Mitch Bargola, (above photo) Transportation Planning Manager for NIRPC says its important that the planning commission continue to receive public comments concerning the Illiana Expressway, the proposed 47-mile corridor that joins Interstate 55 in Illinois to the west with I-65 near Lowell in the east. Bargola says that this is a very "impact full project that most likely is the largest infrastructure project this region has seen since the interstate highway system." He adds, "so it's going to be a lightning rod of discussion and we hope that people can lend their voices to it and that's why we are holding these meetings."
(Northwestern Indiana Regional Planning Commission booklet of their 2040 Comprehensive Regional Plan, Illiana B3 route map and other materials given out at the open house in Lowell, on Tuesday, November 5, 2013)

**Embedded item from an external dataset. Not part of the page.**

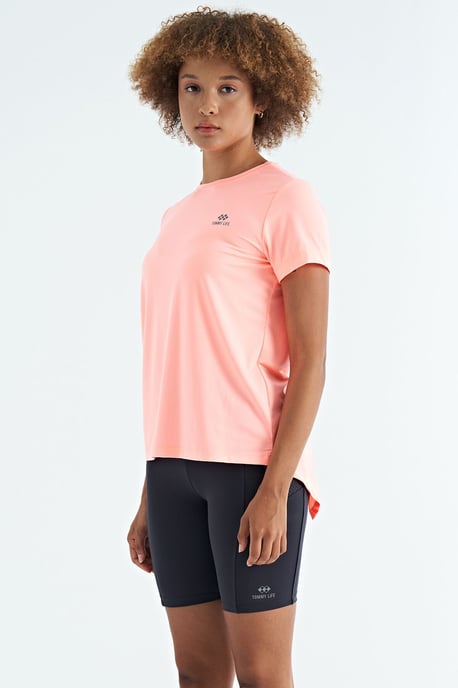 Damen entspanntes Rundhals-T-Shirt mit seitlichen Schlitzen - Image 4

Bargola says the public comment period which started October 14th runs during the remaining open houses (Michigan City, November 13th and Portage, November 19th) after which next month NIRPC will vote on deciding to include the Illiana in it's 2040 Comprehensive Regional Plan for Northwest Indiana.
He says from the commission's perspective and the planning perspective the open houses will be, "our end of the road for us." On December 12th of this year, NIRPC will vote to amend their 2040 Comprehensive Regional Plan that was adopted in June of 2011, to possibly include the Illiana Expressway if approved by the commission, as well as widening I-65 between US-30 and US-231.
Hundreds of people attended Tuesday's open house which was held from 6p.m. - 8p.m. which Bargola attributed to the proposed Illiana corridor going through the Lowell area.
Those attending included supporters of the coalition group, "No Illiana for US" and concerned area residents like Sandy Linden (photo above) who said, "There are thousands of people who have voiced their opinion...we have thousands of (signed) petitions" against the expressway.
Linden said, "People supporting this Illiana keep talking about the NIMBYS (acronym for Not In My Backyard) like they're wrong. There's hundreds of NIMBYS in my backyard that don't want it of course, but there's thousands of taxpayers who are going to be paying for this road. Doesn't matter whether you live in Lake County, if you live right along the road, if you live in Porter County, La Porte, Indianapolis you're going to be paying for this road."
Coalition members on both sides of the border say taxpayers could unknowingly contributing to the project because of Illinois' decision to use a public-private partnership to pay for the project. That because the project could overrun costs by millions of dollars and according to a Chicago Metropolitan Agency for Planning (CMAP) report, could require a public subsidy of between $440-million to $1.1-billion.